Sunday, August 30, 2009

Debian squeeze in a solaris BrandZ zone!

I wanted to run some debian squeeze programs on my opensolaris machine in a branded zone but after successfully installing it using some guide I found online I noticed that lots of commands fail due to functions not being implemented!

unconfigured:~# touch foo
unconfigured:~# rm foo
rm: cannot remove `foo': Function not implemented

Oh noes! How come rm isn't implemented, that's pretty basic right?

unconfigured:~# strace rm foo 2>&1 | grep -i "not implemented"
unlinkat(AT_FDCWD, "foo", 0) = -1 ENOSYS (Function not implemented)

Ah, what's this? unlinkat? I bet lx-brand doesn't implement this syscall since it's so new or maybe there's some switch to enable it? But how does this BrandZ voodoo magic work anyway? Turns out the emulation itself is done in userland by one library (/usr/lib/lx_brand.so.1), and after some digging I came across {"unlinkat", NULL, NOSYS_NULL, 0} in some code which pretty much confirms that unlinkat and the other *at functions aren't implemented at all!
Well damn, this sucks, maybe I'll recompile squeeze libraries and programs so that they don't use these syscalls and thus work with BrandZ, but that sounds tedious and not very fun... so clearly it's time to hack some new syscalls into lx-brand!
But how the hell do you compile onnv-gate code anyway? It seems to use a very odd build system which is designed for build robots rather than humans!
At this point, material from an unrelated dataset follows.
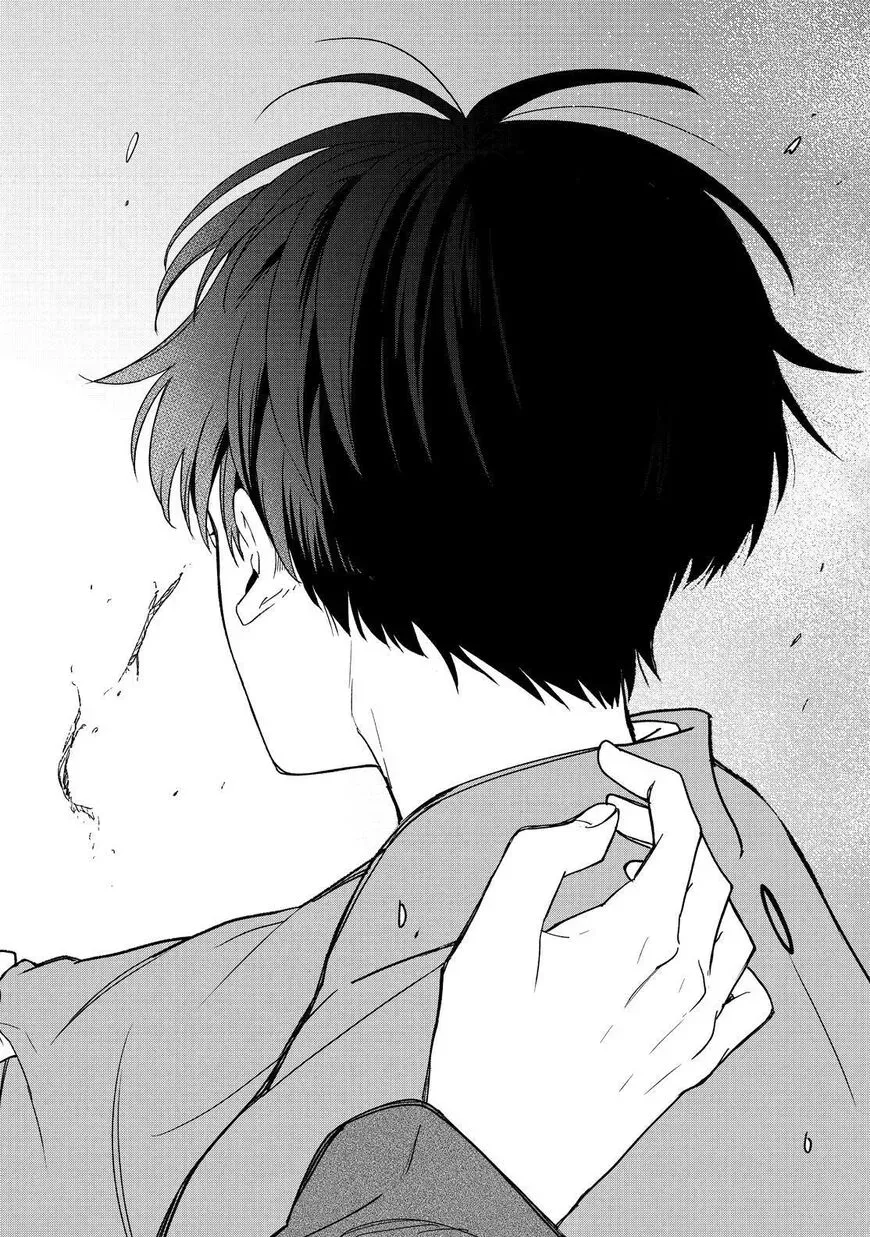 Read Fukigen Na Mononokean chapter 90 image 26 on Lezhin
Well luckily there are other crazy people on the internet who have already found out how, http://www.pagetable.com/?p=44 is a very nice tutorial on how to do it and it works great, just instead of going to usr/src/uts goto usr/src/lib/brand/lx/lx_brand!

So a few hours of hacking and reading posix standards later I now have a /usr/lib/lx_brand.so.1 which implements openat(), mkdirat(), mknodat(), fchownat(), futimesat(), fstatat64(), unlinkat(), renameat(), linkat(), symlinkat(), readlinkat(), fchmodat() and faccessat() resulting in a working debian squeeze userland, although there are still a few issues like the debconf flock issue mentioned in the etch-zone tutorial and some syscalls still fail but seem to be innocuous...
Also I'm sure the syscalls implemented aren't fully compatible with the proper linux versions and I'm sure there are lots of error conditions that will freak out user mode programs... but for now it works well enough to run debian squeeze which was the goal!
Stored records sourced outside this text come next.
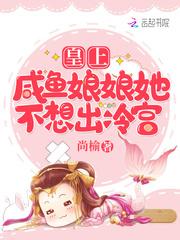 娘娘的咸鱼人设又崩了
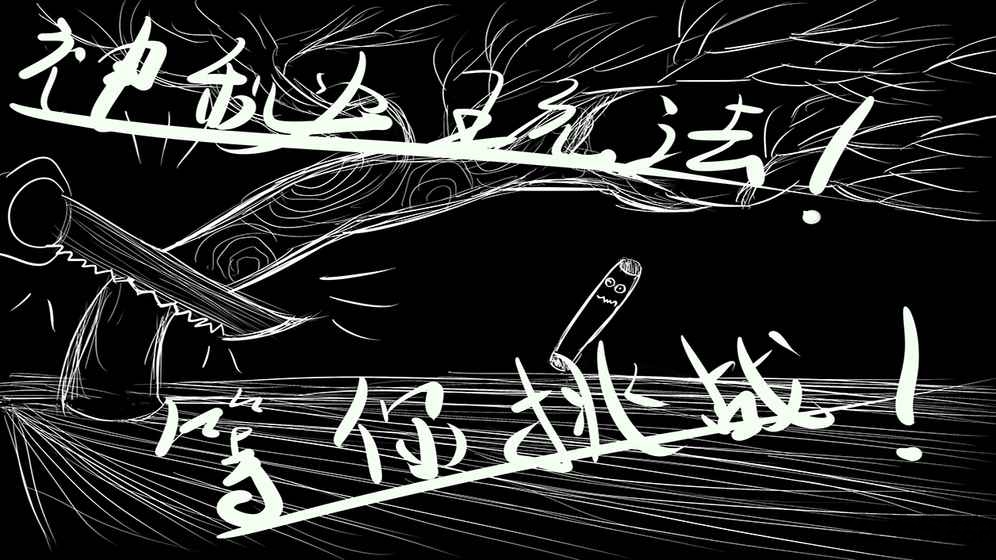 神秘之力破解版下载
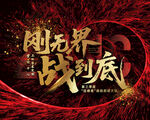 手卡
If you're interested in trying out what I've done you can download my patch and a pre-built library (built against the b118 onnv-gate source, since that's what I happened to be running at the time) from my website, and if you do try it out please let me know how it goes! Although be warned that it's super experimental and not recommended for production systems, I highly recommend you take snapshots before proceeding!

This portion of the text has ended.